Behind an affluent community’s slick façade, racial and class tensions are rife, drugs proliferate, and adults are absent. As a young girl loses her footing, the adult world fails one of its promised daughters, and each and every one of us is quick to throw the first stone. Is Maja a cold-blooded murderer or is she just a girl who has lost her way, and now has also lost the ones she loved?
The trial serves as a suspenseful framework for this gut-wrenching coming of age story that is utterly impossible to put down and in which we see the world entirely through Maja’s eyes. Her voice is quirky, snarky and wholly unique – we don’t always love Maja, but we love to be inside her head. In Maja Norberg, Malin Persson Giolito has created a darker Hazel Lancaster, a millennial Holden Caulfield, a young woman we both admire and despise and whose distinct voice and tragic circumstances are reminiscent of Ani in Luckiest Girl Alive.
In November 2016 Quicksand won the title of Best Crime Novel of the Year, Sweden’s official suspense literature award, which is given by the Swedish Crime Writers’ Academy. The jury’s motivation reads as follows:
“A psychological courtroom drama, originally told in a sharp and playful style.”
In August 2017, Quicksand was awarded the prestigious Glass Key Award and thus named Best Nordic Crime Novel by the Crime Writers of Scandinavia.

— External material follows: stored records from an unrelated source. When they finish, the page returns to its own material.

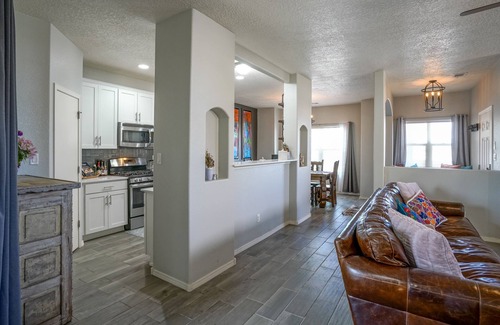 Mesa Del Sol Innovation Park House | Modern Art Filled Dog friendly home w/Grill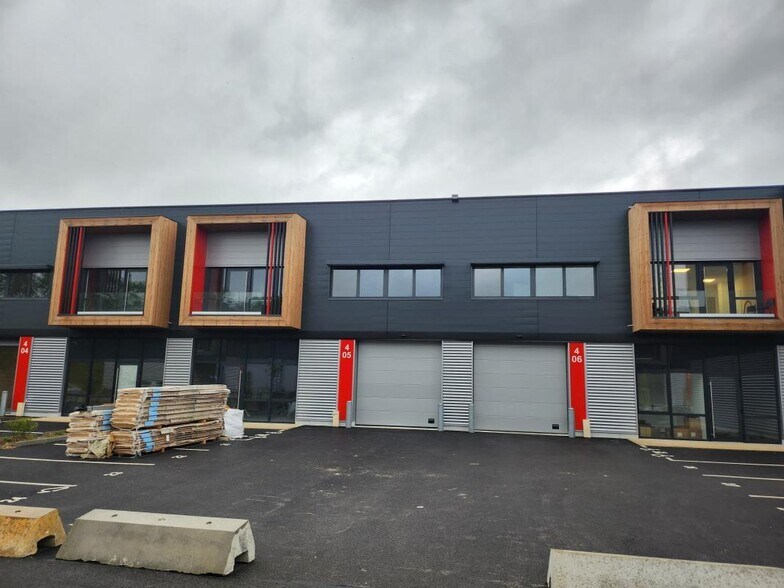Local d’activités dans Éragny à louer - Photo de l’immeuble – Image 2 sur 8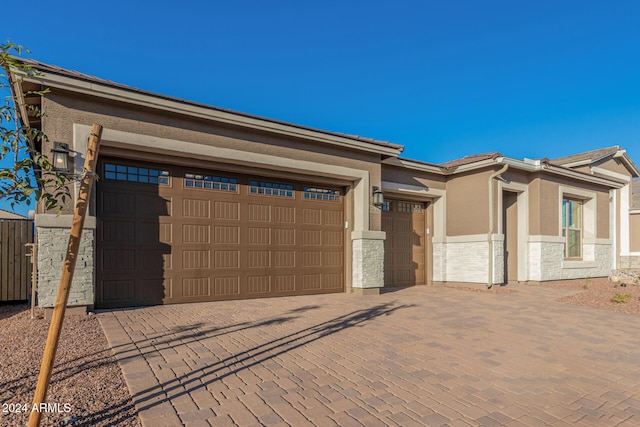 view of front of home featuring a garage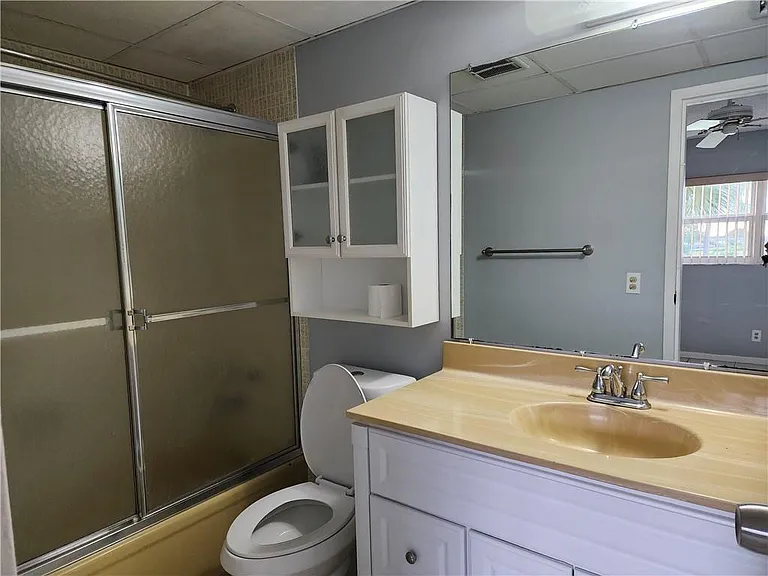 1005 Country Club Dr #207 — Photo 6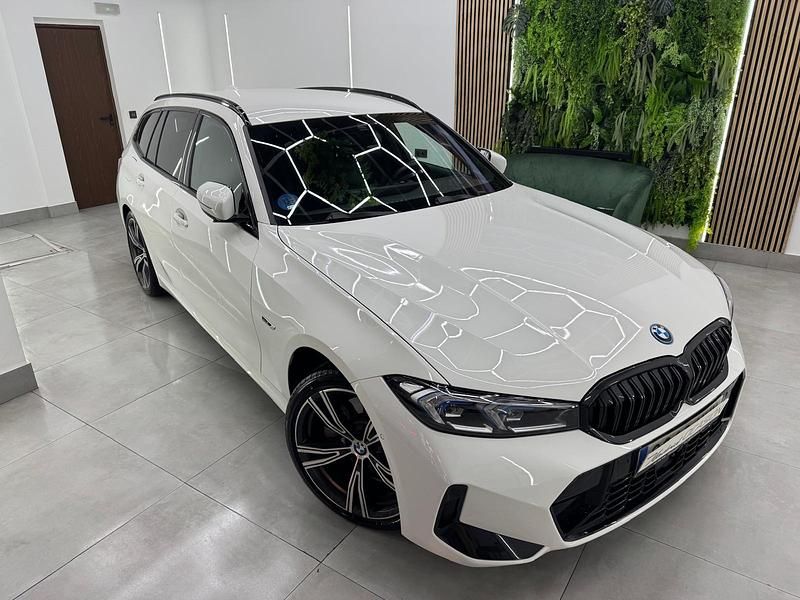 Usado BMW 330e M Sport 292 CV (214 kW) 2022 Blanco Familiar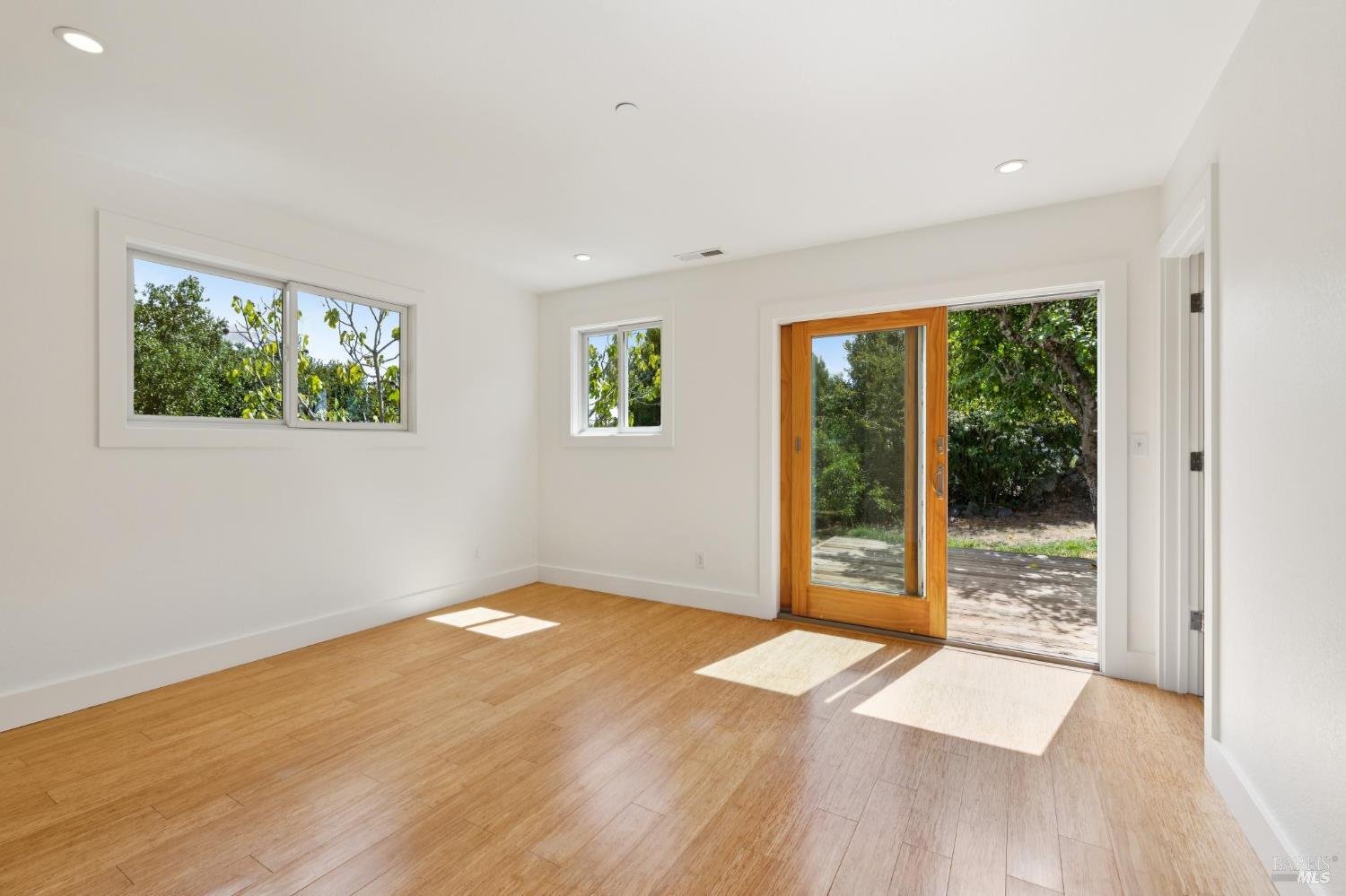 150 W Oak Knoll Drive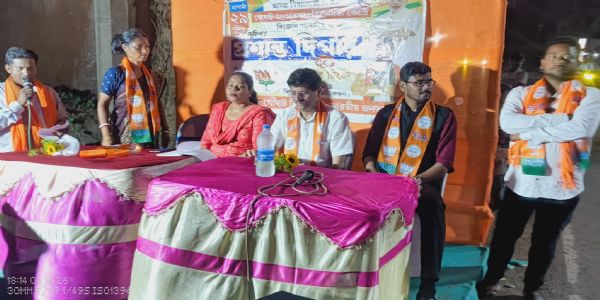 সাতবেড়িয়া মোড়ে বিজেপির পথসভা, গোঘাটে দলীয় প্রার্থীর প্রচারে সক্রিয় নেত্রী দোলন রায়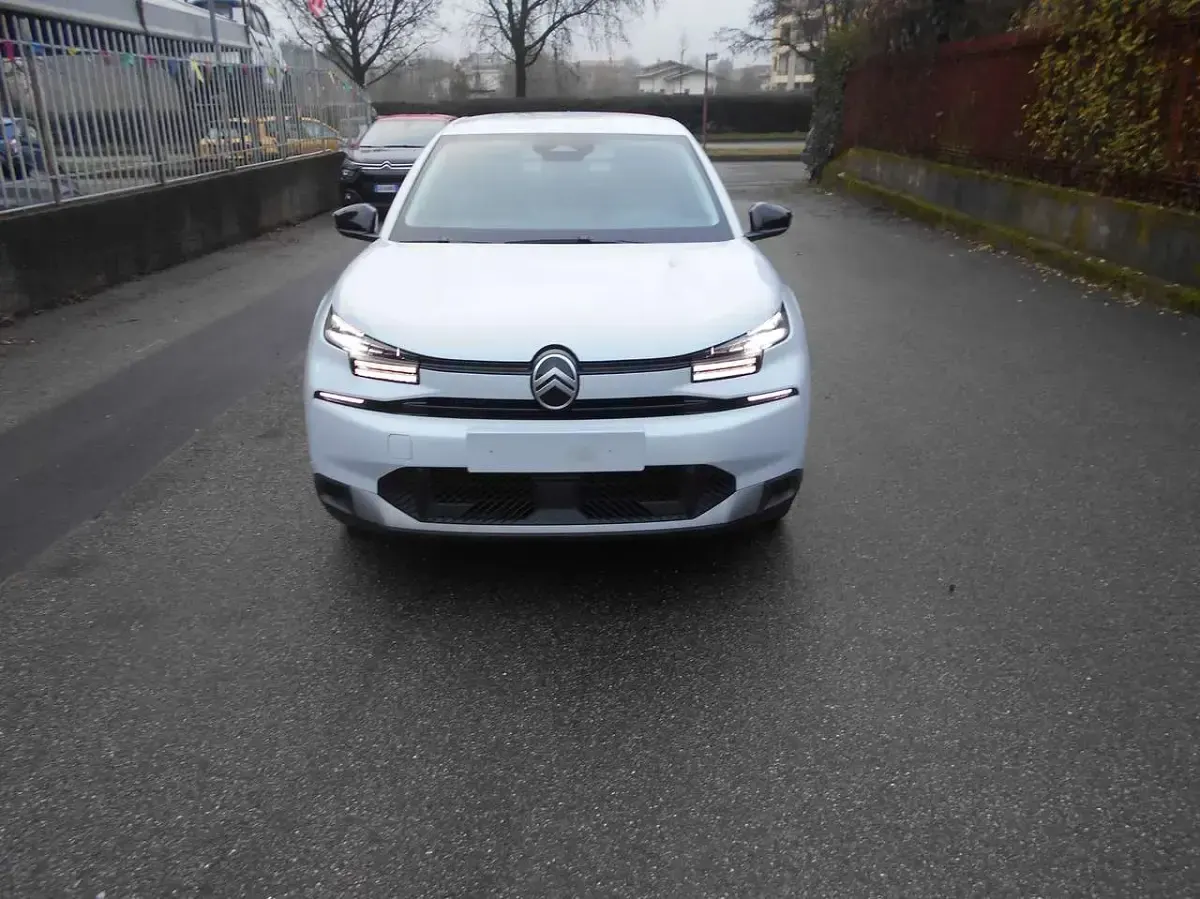 Usata Citroën C4 131 CV (96 kW) 2025 Perlato SUV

“Let me say this from the start: this is an extraordinarily good book, and it’s not just a question of plot and not even about what Malin Persson Giolito wants to say. It’s simply incredibly skillfully told, every sentence filled with fury and a written colloquial language so razor-sharp, forceful, and well put that few authors come close to it. This is what a good book should be – everything is secondary to the pure pleasure of reading it.”
Lotta Olsson, Dagens Nyheter (SE)
“A remarkable new novel from Sweden […] Giolito, who practiced law before she turned to fiction, writes with exceptional skill. […] Giolito keeps us guessing a long time and the outcome, when it arrives, is just as it should be.”
The Washington Post (US)
“Quicksand is a novel that beings like a parlor game gone awry: On its first page, a little cross section of contemporary Swedish society – a right-on homeroom reacher, a Ugandan foster child, a cashmere-clad blonde, a son of Middle Eastern immigrants – lies on the floor, splattered with blood, as if darkly satirizing the country’s self-image of civilized multiculturalism. […] What we’re reading here is not so much Maria’s unfiltered thoughts as her speech to an imaginary audience: Mostly we listen in as she tries to make sense of what happened, but she occasionally addresses us directly, speculating as to what assumptions we might make about her and what comfy delusions we may be harboring about ourselves. The voice is uneven, unpredictable in a way that feels characteristic of a teenager. […] the novel is structured as a courtroom procedural, yet ot clearly has ambitions beyond that, addressing Sweden’s underlying economic and racial tensions.”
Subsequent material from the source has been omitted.